Sunday, September 5, 2021

行くか?行くのか?行かないのか?-<の>の正体

 前回の、前々回のポストで強調構文<なのだ(のだ)>を取り上げ、強調構文での構成要素としての<の>の可能性をチェックしたが、結論は出なかった。だがチェック中に大発見をした。

行くか?

行くのか?

の違いはなにか?<行くか?>はいわば単純疑問文。<行くのか?>は<の>があるので強調疑問文か?強調というほどのことはないが<行くか?>とは違う。どこが違うのか?<の>は<こと>の代わりに使われる。

離れるのはつらい。
勉強するのはつまらない。
遊ぶのは楽しい。

以上は動詞につく<の>で無意識のうちによく使う。

<の>は<もの>の代わりにも使われる。

もっと大きいのはないか?
もっと安いのがいい。

以上は形容詞につく<の>でこれまた無意識のうちによく使う。

形容動詞は

掃除機静かなのがいい。

<なの>になる。 

だが単純に

の = こと
の = もの 

ではないだろう。


さて<行くか?>と<行くのか?>の違いにもどると、<の=こと>とすると

行くことか?

となって、日本語にならない。

行くのはいいが . . . . .

でれば

行くことはいいが . . . . .

で日本語にはなるが、  <行くのはいい>と同じではない。
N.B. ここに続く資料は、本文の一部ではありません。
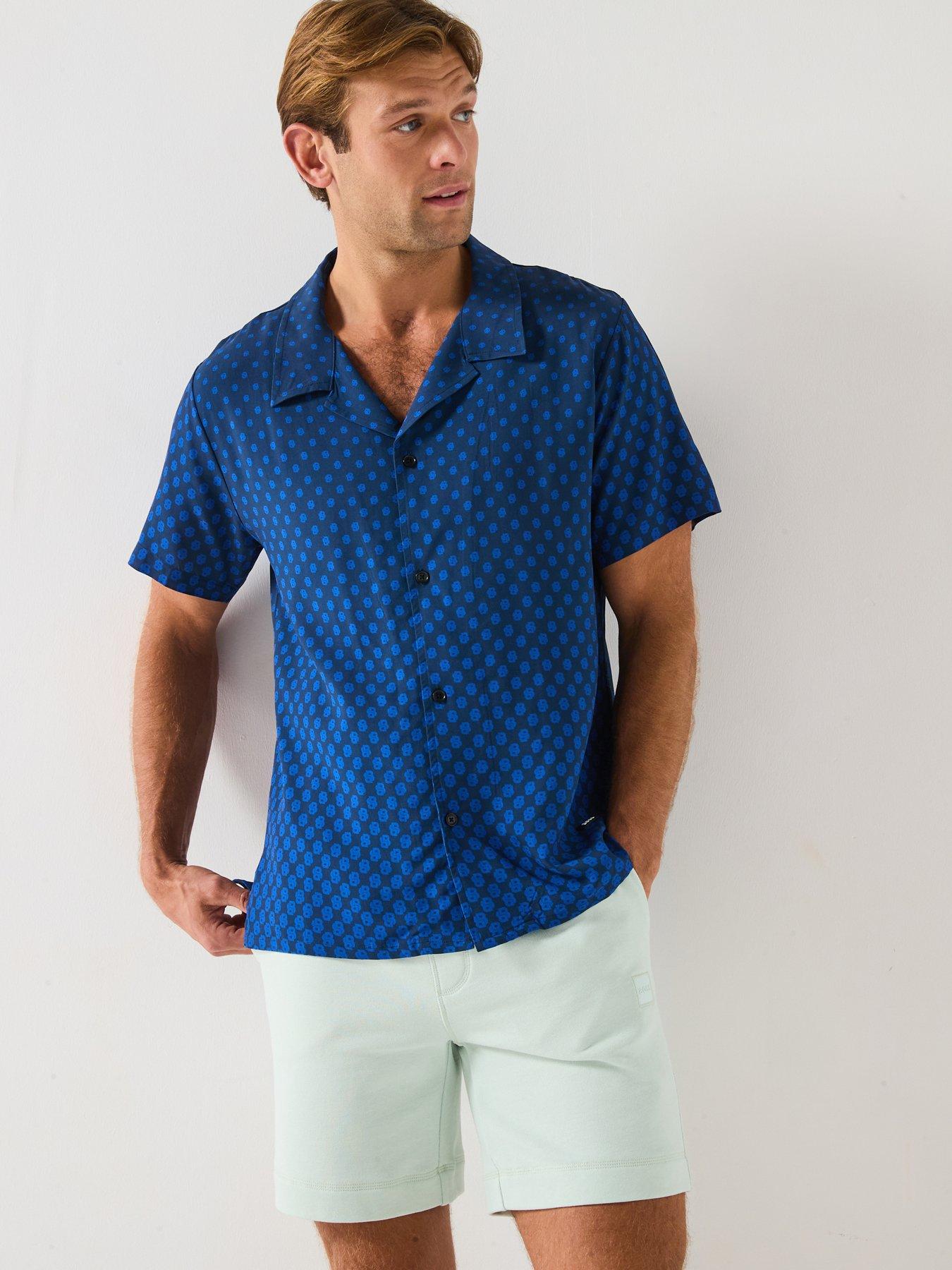 undefined Allover Print Beach Shirt - Blue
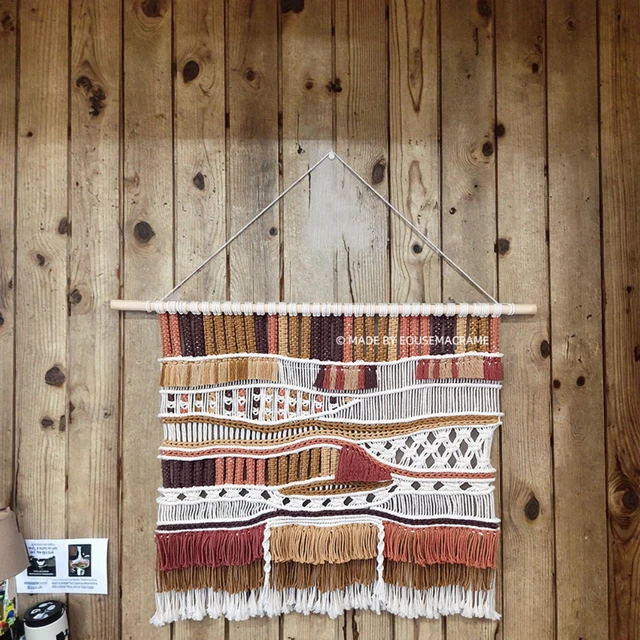 Boho Macrame Wall Art Tapestry Knitted Nordic Macrame Wall Hanging Curtain Home Decoration Handwoven Tapestry Background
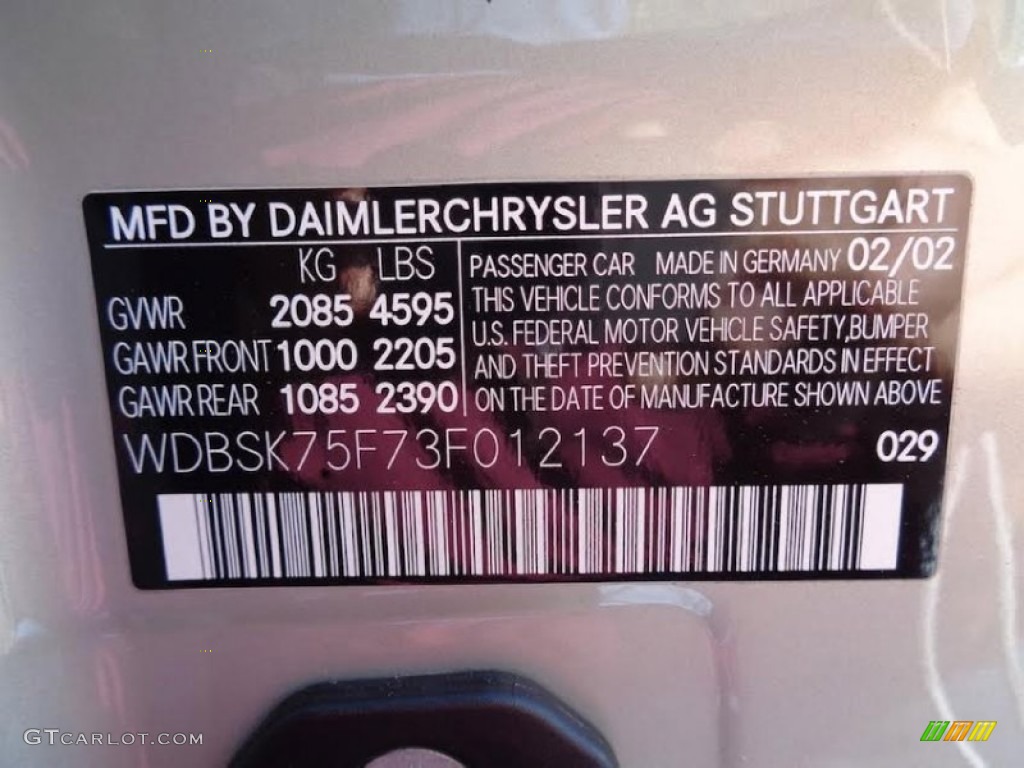 2003 Mercedes-Benz SL 500 Roadster Parts Photos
同じではないが違いは微妙だ。どこが違う?

行かないのか? 

をチェックしてみる。

行かないか? 

は単純否定疑問だが、実際には<誘い>だ。一方

行かないのか? 

は<行かない>ことを尋ねているようだが、実際には<行かないこと>の<確認>の問いだ。場合によっては遺憾(残念)の表明。

これを参考にすると

<行くのか?>は<行くこと>の<確認>の問いになる。答えが見えてきたような気がする。キーワードは<確認>だ。<確認>は文字通りでは<確かめて、認める>。英語に to identify という動詞がある。日本語では<自己同一化>なんというのがあるが、なんだかよくわからない。 to identify = 確認 =確かめて、認める。 これでもよくわからないが、ID カード(Identification Card) の使われ方は、ID カードを見て<本人>であることを確認する(見て、確かめて、認める)ことだ。これを<行くのか?>に適用すると<行くこと>が本当かどうかを確かめる問いといえる。一方<行かないのか?>は<行かないこと>が本当かどうかを確かめる問いといえる。したがって

いくか?


行くことか?

ではなくて

行くことは確かか?

行くことはその通りか?

となる。<その>は<行くこと>だ。長いが下線部が<の>なのだ。

この最後の<なの>は ”<長いが下線部が<の>” を意味し、<だ>が断定。

上でふれた

行くのはいいが . . . . .


行くことはいいが . . . . .

の微妙な違いは

 <行くのはいいが>は<行くことは確認済み>

 <行くことはいいが>は<行くことの確認は関係ない>

で、気づきにくいが大きな違いだ。 これが一音節の助詞<の>の正体なのだ強調構文に使われる<の>-<のだ>、<なのだ>は断定の助動詞<だ>を抜きにして、<の>自体に<ほかでもない>といった強調されるコト、モノ(それ)の identification (同一化)が働いていると考える。